*Problem:* I would like the lines below, from the one with "2020 Audi Q7 S line — fotografija 29" through the one with "2023款 B5 智逸豪華版圖片", copied exactly and without any pictures.

*Recorded information:*
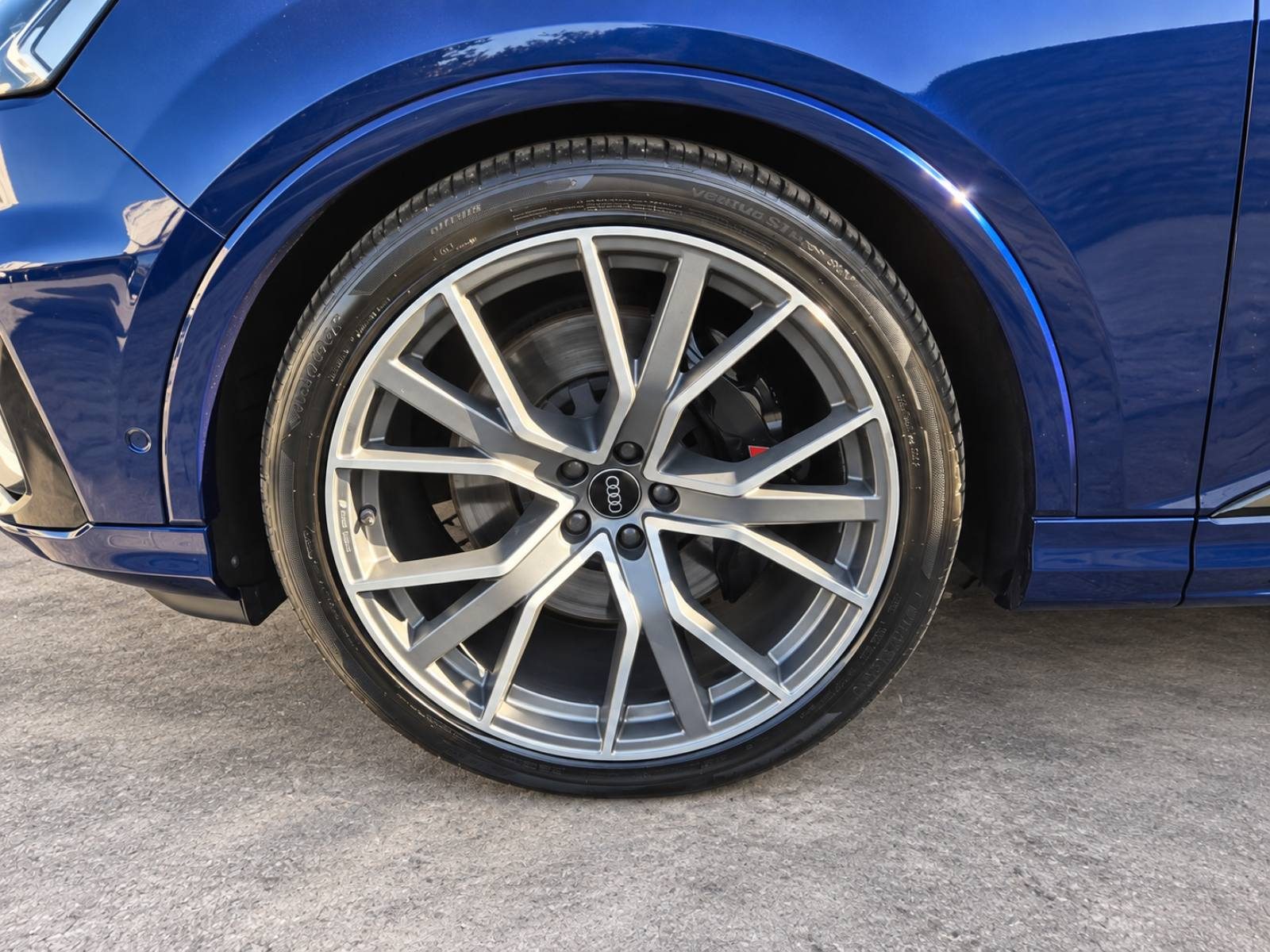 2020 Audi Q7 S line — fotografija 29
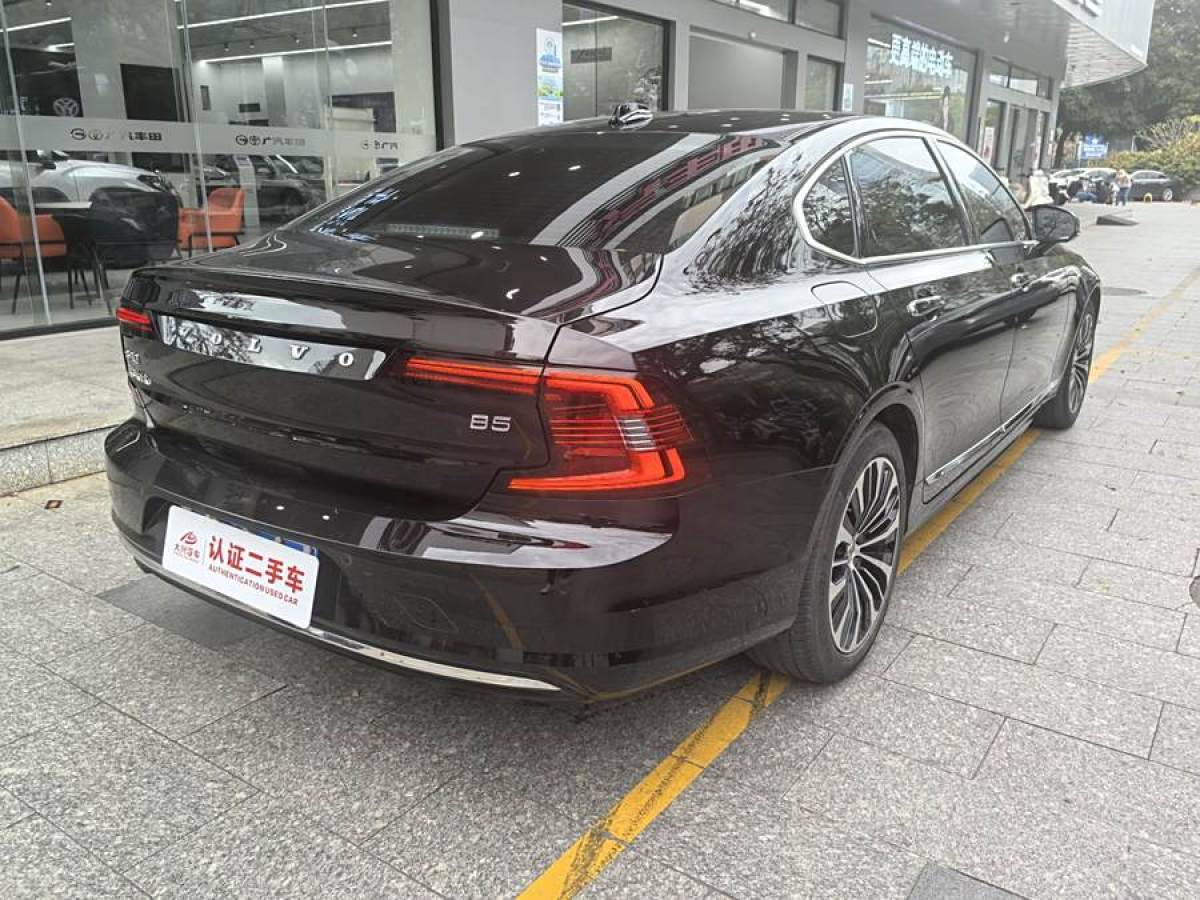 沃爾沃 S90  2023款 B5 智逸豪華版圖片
==
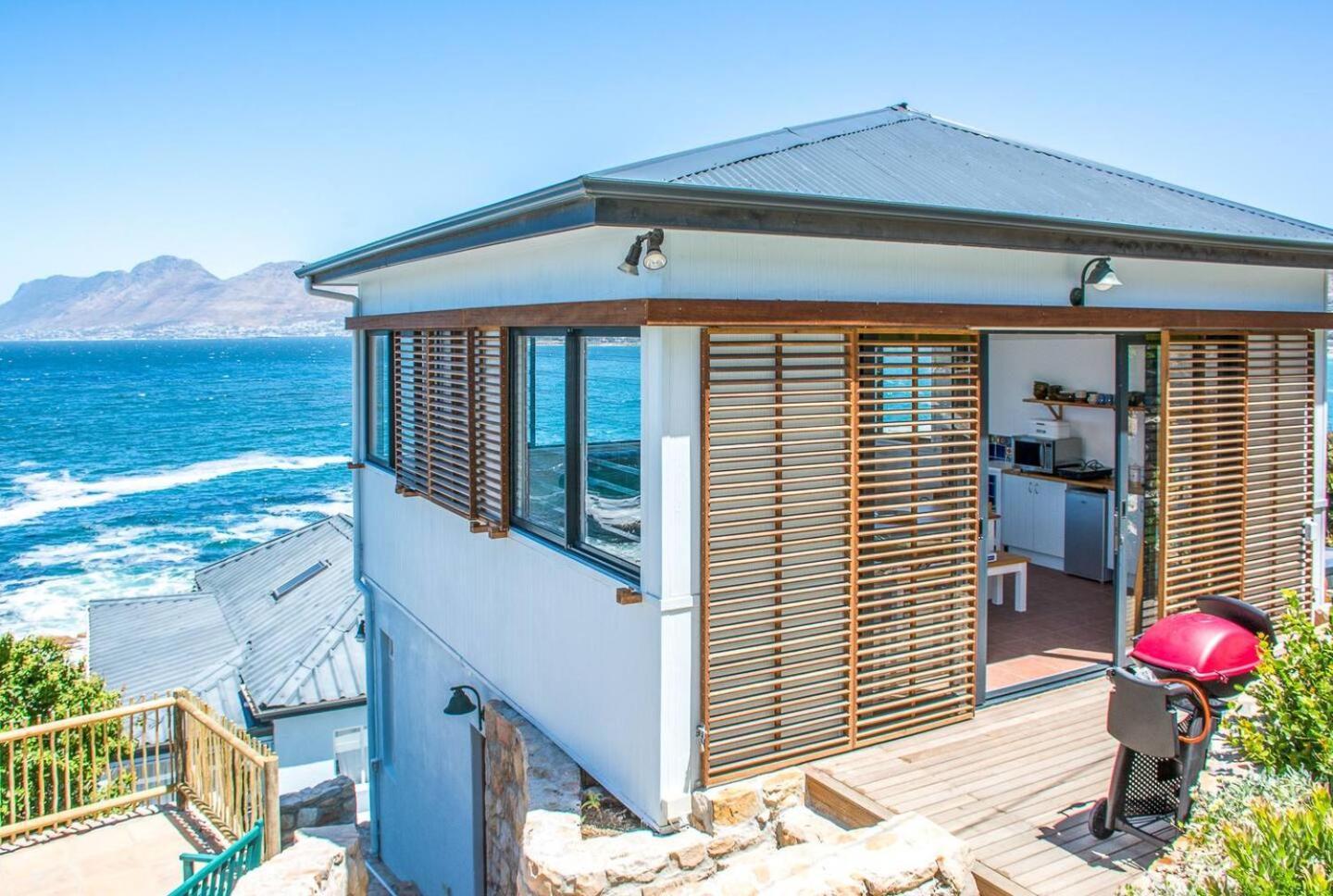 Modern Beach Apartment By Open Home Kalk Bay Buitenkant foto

*Answer section:*
 2020 Audi Q7 S line — fotografija 29
 沃爾沃 S90  2023款 B5 智逸豪華版圖片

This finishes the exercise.